### Exercise brief
What you give back should be exactly the lines from the one with "Cold brew coffee ads with retro style\" through the final line of the material, pictures removed; please add nothing.

**** Data for processing

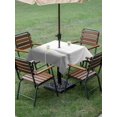 thumbnail image 5 of Outdoor Tablecloth with Umbrella Hole, Grey Ombre Spillproof Waterproof Outdoor Table Cover, Summer Minimalist Ocean Waves Patio Tablecloths for Party/Garden/Picnic, Square 54"x54", 5 of 9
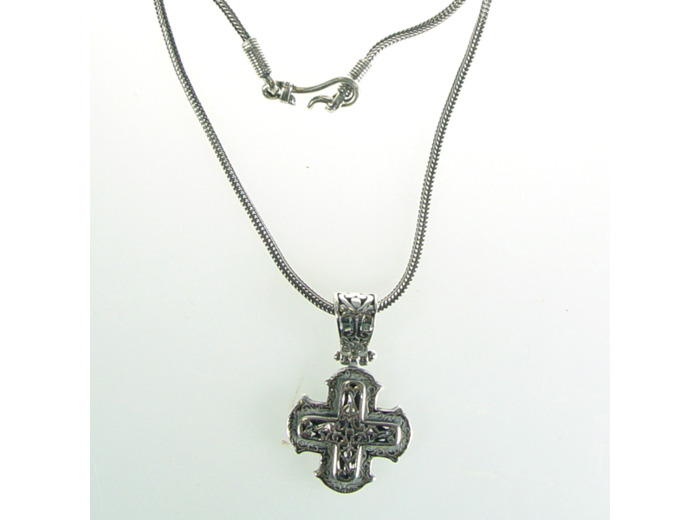 Collier Cordon + Croix en Argent 23x23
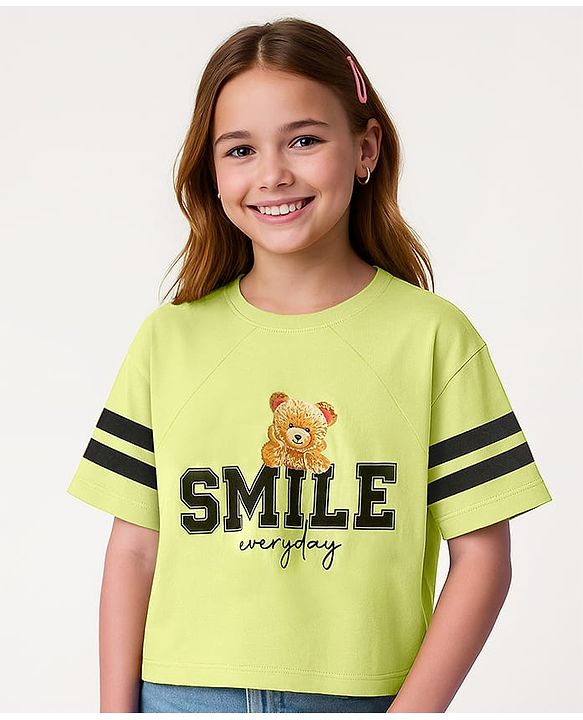 Pine Kids Cotton Knit Half Raglan Sleeves T-Shirt With Teddy Print & Tape Detailing - Limegreen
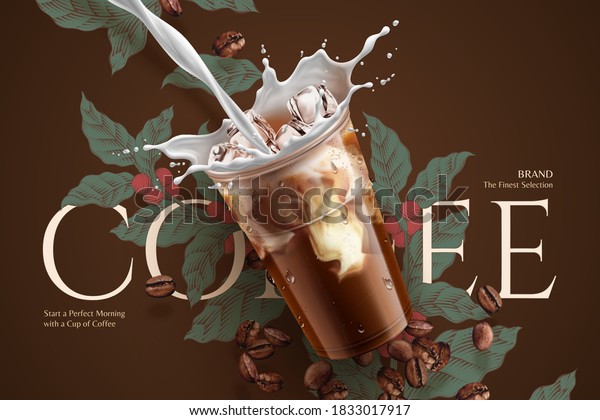 Cold brew coffee ads with retro style\
engraving over brown background in 3d\
illustration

********

### Written answer
 Cold brew coffee ads with retro style\
engraving over brown background in 3d\
illustration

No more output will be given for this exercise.